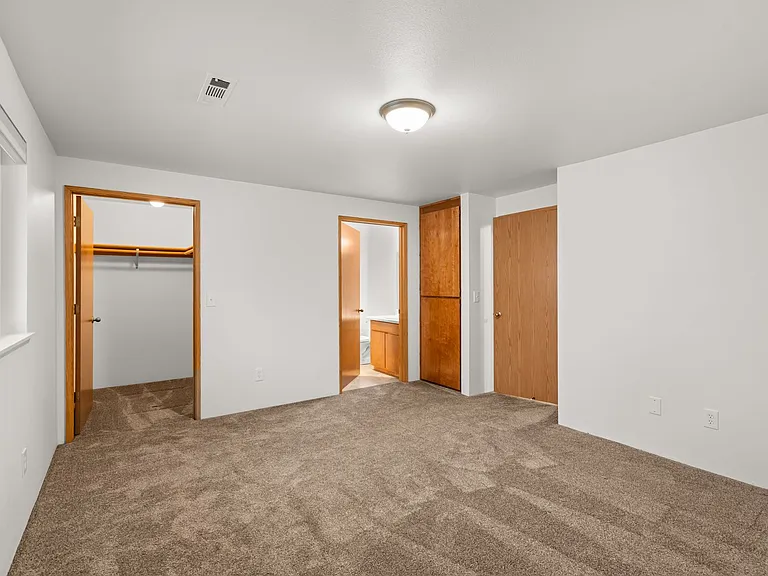 Talent Parkside Apartments — Photo 42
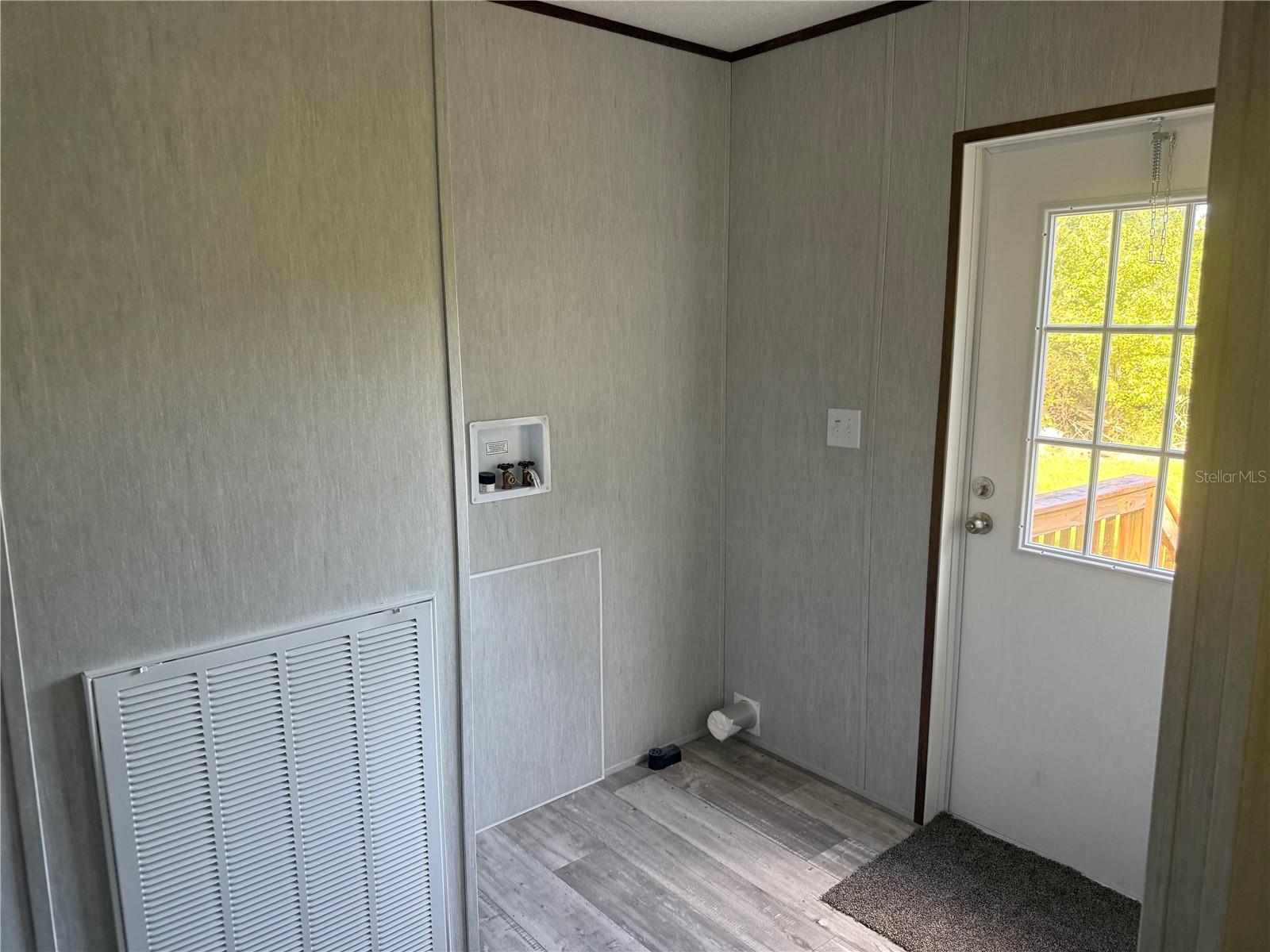 1561 Poe Rd Property Photo 9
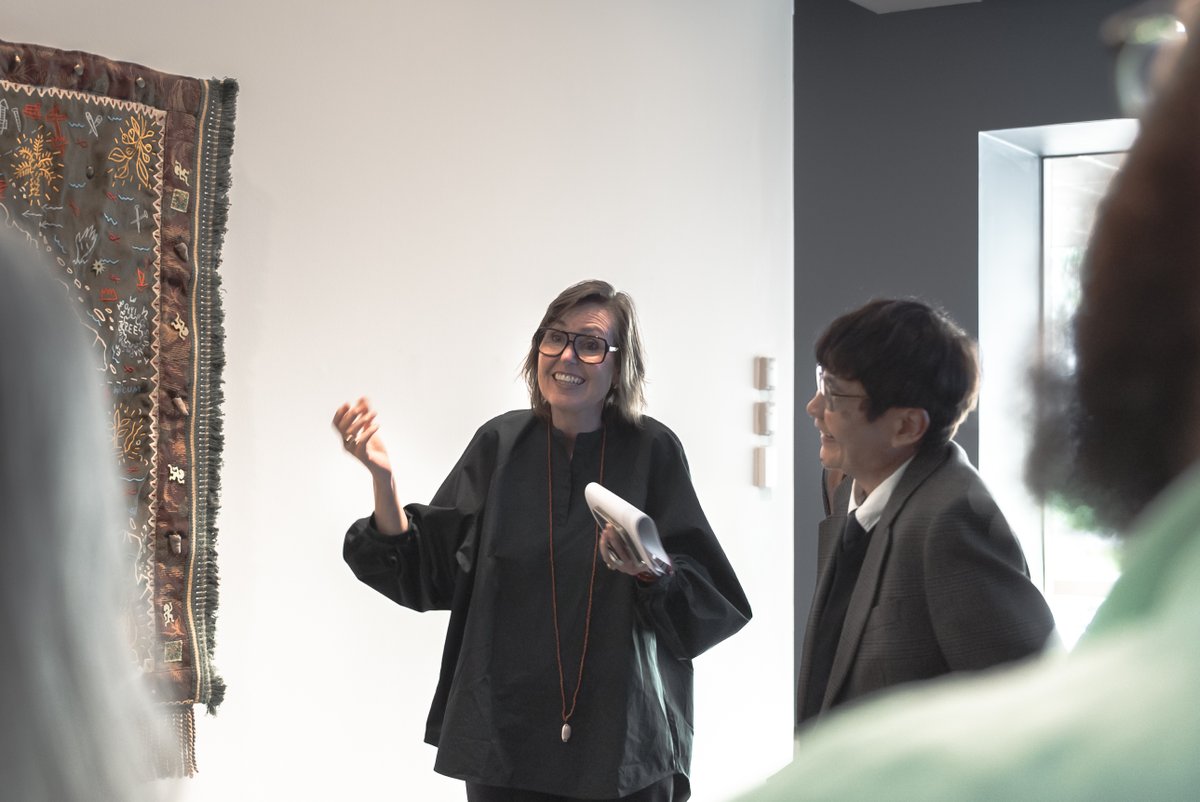 KonJenMakassar's tweet image. Proud to see ‘Awakening Histories’ at @MonashUni Museum of Art #MUMA, showcasing 🇮🇩-🇦🇺 artists, including from Makassar. Exploring deep ties between 🇦🇺First Nations and 🇮🇩Macassan seafarers. Oct 4-Dec 6. Don’t miss it! Watch the opening: youtu.be/oLtIQS5jGvQ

□ □ □ □

# Task item
Transcribe the data completely. No pictures should appear in the transcription.

# Problem solution
 Talent Parkside Apartments — Photo 42
 1561 Poe Rd Property Photo 9
 KonJenMakassar's tweet image. Proud to see ‘Awakening Histories’ at @MonashUni Museum of Art #MUMA, showcasing 🇮🇩-🇦🇺 artists, including from Makassar. Exploring deep ties between 🇦🇺First Nations and 🇮🇩Macassan seafarers. Oct 4-Dec 6. Don’t miss it! Watch the opening: youtu.be/oLtIQS5jGvQ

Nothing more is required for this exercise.